During the night campfire they talk.
My wife would love this, one says.
This squirrel reminds me of my grandfather, another one says.
That night, the animals curl up beside the men, and the men sleep soundly and their dreams do not make them shiver.
For many nights zebra and lion and dog and rat march and sleep alongside man. Then one day, before the men get bored with the animals as they had gotten with the pictures, the forest ends and the path continues through an endless field of grass. For the first time, they can see above them the uninterrupted blue sky. Many of them stretch their arms, as one does when one leaves a cramped attic. And the animals run and play in the fields—always, of course, returning to their masters.

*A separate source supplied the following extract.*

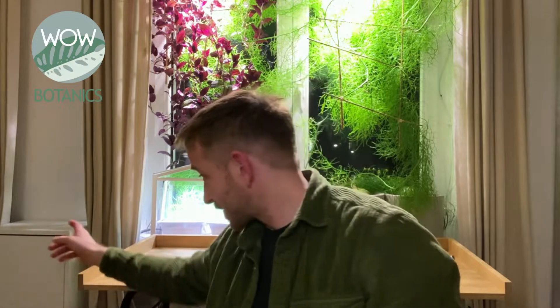Hi everyone, I am Thomas from War Botanics and I want to show you the system that I built to take care of each of my houseplants individually. In the description below you can find relevant links and contents that help you get your own project started. Let's have a look.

And way down, at the end of the road, the men see a structure, a gray building that grows taller as the men approach. It was a plain affair, painted with an nondescript gray. It did not bear the famous insignia of the company that they had so much heard about. But they knew that the giant, looming gravestone was the slaughterhouse.
When the men looked for something resembling an entrance, they saw but one opening in the building’s façade: a black rectangle, a black hole of a doorway.
And as they marched on, they realized that both animal and man were to go through the same entrance into the same place. This gave the men some pause, not in their outer movements (their bodies were too used to walking), but in their minute movements—nerves bulged in their foreheads, fists tightened, the corners of their lips quivered, their eyes vibrated microscopically.
Then the men hear the voices of their children once more, their wives calling out to them from the dark crevices of their minds. The men hear a call coming forth from the black hole in the slaughterhouse. They do not see it but they create it: a black angel of memory that waits for them behind that entryway. The animals walk on without any seeming change in their demeanor. But some men begin to salivate with the anticipation of reunion. And other men reach to their pockets and clutch the pictures that they had once forgotten, with the same force that they had before gripped their knives.
But none of them ever think of turning back.